Se daba cuenta Alan de que había profesado mucho afecto a Hawkes. No se lo había demostrado nunca, y menos en los últimos días de la vida del pobre tahúr, cuando le robaba la tranquilidad el maldito atraco en proyecto. Reconocía el muchacho que debía mucho a Hawkes, pese a lo truhán que era. En el fondo, Max era hombre de buen corazón; pero sus pasiones le habían llevado a la perdición, a ganarse la enemistad de la sociedad. Y había dejado este pícaro mundo sabiendo cuál iba a ser el último instante de su vida.

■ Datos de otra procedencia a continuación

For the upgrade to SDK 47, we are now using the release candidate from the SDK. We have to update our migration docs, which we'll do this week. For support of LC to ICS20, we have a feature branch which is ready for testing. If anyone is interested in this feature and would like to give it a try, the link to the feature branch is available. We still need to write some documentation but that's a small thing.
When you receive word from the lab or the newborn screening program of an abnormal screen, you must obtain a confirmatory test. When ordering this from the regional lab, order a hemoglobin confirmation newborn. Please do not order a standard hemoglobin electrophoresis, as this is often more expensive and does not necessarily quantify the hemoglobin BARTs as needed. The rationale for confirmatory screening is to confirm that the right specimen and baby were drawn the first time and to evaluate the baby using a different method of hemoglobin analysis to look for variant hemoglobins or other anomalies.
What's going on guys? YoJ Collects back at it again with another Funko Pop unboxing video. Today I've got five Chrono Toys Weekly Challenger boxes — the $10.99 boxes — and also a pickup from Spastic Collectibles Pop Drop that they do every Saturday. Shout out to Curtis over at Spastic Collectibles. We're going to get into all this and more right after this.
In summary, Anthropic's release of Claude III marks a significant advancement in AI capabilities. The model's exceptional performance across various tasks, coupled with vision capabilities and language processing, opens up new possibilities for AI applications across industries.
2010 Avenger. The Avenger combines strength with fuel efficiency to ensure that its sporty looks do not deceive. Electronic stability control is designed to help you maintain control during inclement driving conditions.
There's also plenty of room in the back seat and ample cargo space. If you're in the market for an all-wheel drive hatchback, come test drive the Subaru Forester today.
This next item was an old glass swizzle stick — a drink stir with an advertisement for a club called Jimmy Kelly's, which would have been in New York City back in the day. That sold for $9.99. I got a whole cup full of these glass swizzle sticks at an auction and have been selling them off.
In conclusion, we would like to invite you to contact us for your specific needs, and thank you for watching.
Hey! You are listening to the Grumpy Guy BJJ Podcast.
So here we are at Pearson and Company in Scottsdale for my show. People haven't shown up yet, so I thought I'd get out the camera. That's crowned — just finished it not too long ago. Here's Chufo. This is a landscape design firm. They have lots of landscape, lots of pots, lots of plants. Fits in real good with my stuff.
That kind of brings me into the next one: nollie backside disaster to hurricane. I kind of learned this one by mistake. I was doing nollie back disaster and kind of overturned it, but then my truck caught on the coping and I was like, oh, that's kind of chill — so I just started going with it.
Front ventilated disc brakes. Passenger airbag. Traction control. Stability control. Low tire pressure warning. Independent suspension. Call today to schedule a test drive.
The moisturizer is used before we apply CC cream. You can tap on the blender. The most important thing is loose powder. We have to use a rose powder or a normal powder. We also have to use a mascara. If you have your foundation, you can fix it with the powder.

Muy atareado anduvo Alan en los días siguientes. Hubo de declarar ante la Policía y el juez instructor. Declaró que nada sabía del robo, que no conocía a los cómplices de Hawkes. Quedó libre de toda sospecha de complicidad gracias a la confesión firmada por Hawkes.
Presentóse después en la Oficina del Registro de No Agremiados, y le fue concedida la inscripción y le entregaron el televector transmisor, el cual se hizo injertar en el muslo por un cirujano. Le aceptó un vasito de whisky al gordinflón de Macintosh, en memoria de Hawkes.